From the LA Times, regarding the Los Angeles Convention Center:
L.A. City Council panel backs billion-dollar plan to redo Convention Center for 2028 Olympics
By Dakota Smith
Staff Writer
June 19, 2024 3 AM PT
A Los Angeles City Council committee on Tuesday backed an effort to remodel the downtown Convention Center ahead of the 2028 Olympics, even as city leaders acknowledged the ambitious time frame for completing the project.
The council’s Trade, Travel and Tourism Committee voted to spend up to $54.4 million for preconstruction work on the aging, city-owned Convention Center, a proposal that now heads to the full City Council for a vote.
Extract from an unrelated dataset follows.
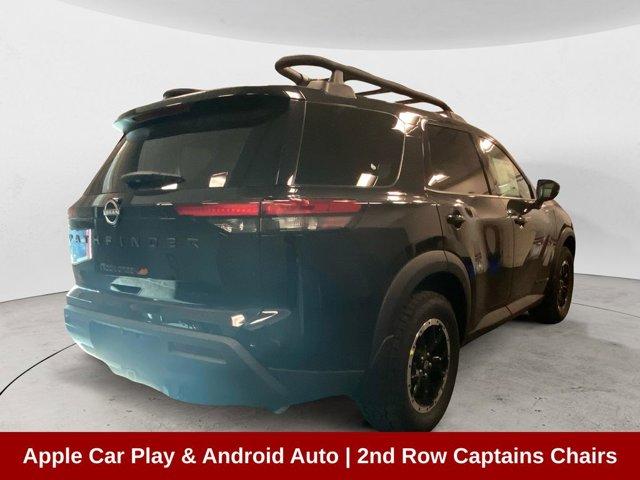 new 2025 Nissan Pathfinder car, priced at $43,000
The 2028 Olympics were billed by proponents as fiscally prudent because no major venues needed to be built. But with table tennis and other events planned at the Convention Center, city leaders want to use the Games as an impetus to start construction that could ultimately cost billions of dollars.
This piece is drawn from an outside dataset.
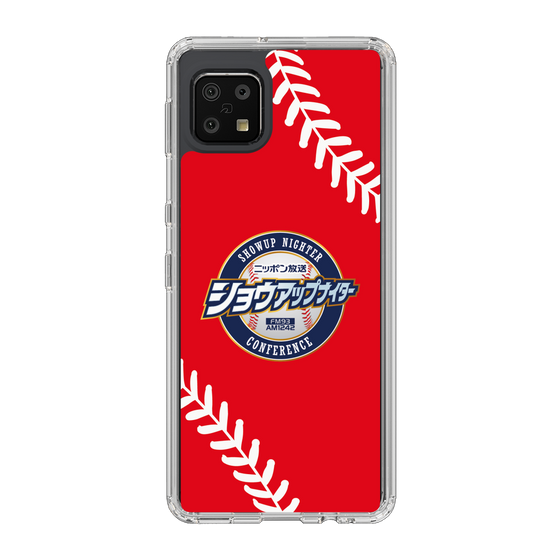 Slim Protection Case［ Nippon Broadcasting System - Show Up Nighter  NC_C05 ］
Over the last decade, various plans for modernizing the center, which opened in 1971, have been proposed but have not moved forward.
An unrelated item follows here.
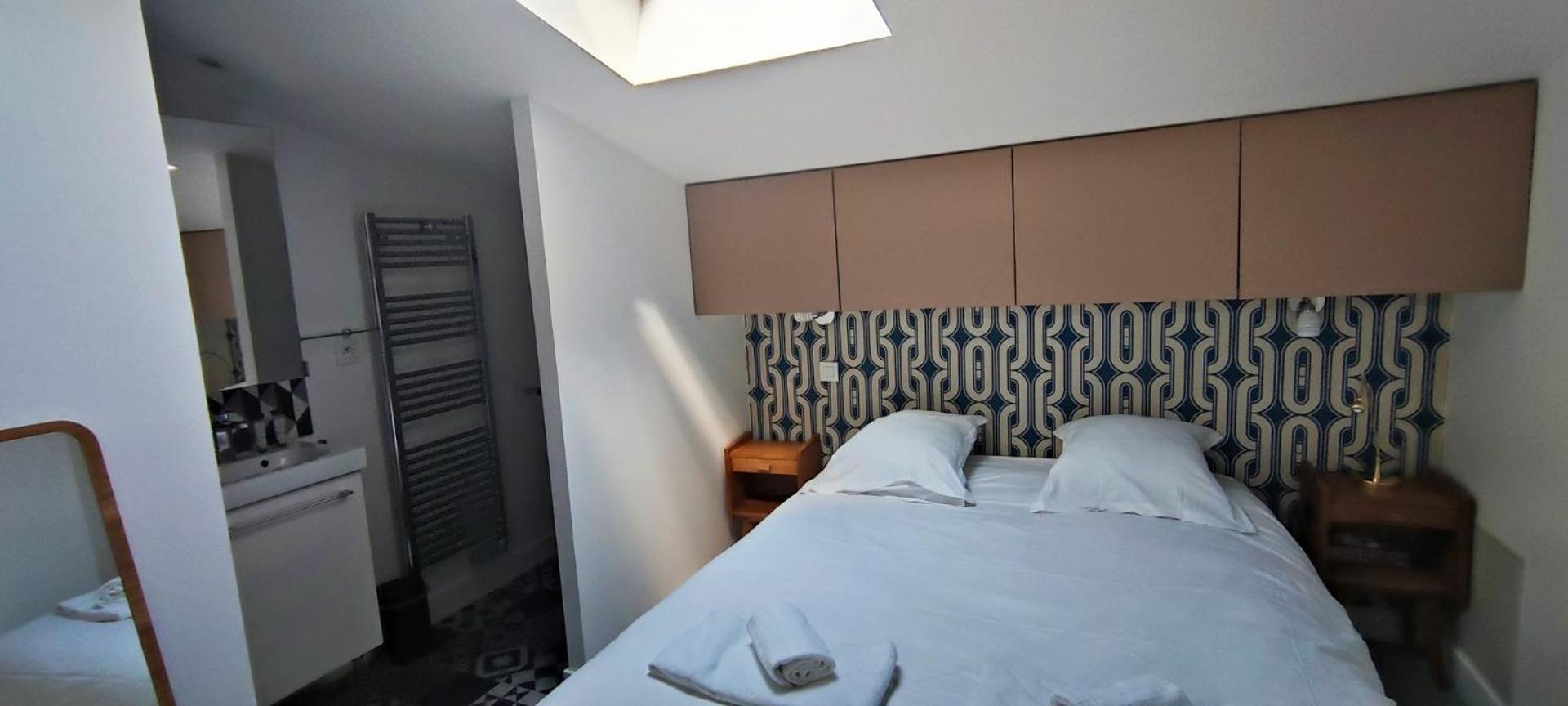 Lovely apartment Bordeaux Jardin Public Extérieur photo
Business and labor leaders packed Tuesday’s meeting to support the project, arguing it would help the economy, create jobs and revitalize downtown.
Nella McOsker, president of the downtown business group Central City Assn., told the five-member committee that this “is a challenging moment for the city and a challenging decision to make, but surely the right one.”
If the Convention Center is expanded, the city would pay for the construction but the work would be carried out through a private-public partnership with Anschutz Entertainment Group, which runs the convention center, and development firm Plenary Group.
In the short term, the city will spend up to $54.4 million on preconstruction design work. The City Council is expected to vote later this year on a final work agreement for the entire project with AEG and Plenary group.
However, if it becomes clear during the preconstruction work that the timeline for final completion isn’t feasible, the city can pull the plug, officials said Tuesday.
Chief Legislative Analyst Sharon Tso warned council members at the meeting that it will be challenging to get the project done before the Olympics, calling the schedule “very fast-paced.”
“There is no room for error in this timeline,” she said.
The redesign would address the lack of contiguous space at the center, which is viewed by city officials as a major problem for attracting convention-goers. None of the existing facilities would be demolished under the proposal, and the new construction would connect the Convention Center buildings, adding 190,000 square feet of additional exhibit hall space, 55,000 square feet of additional meeting room space and 95,000 square feet of multipurpose space.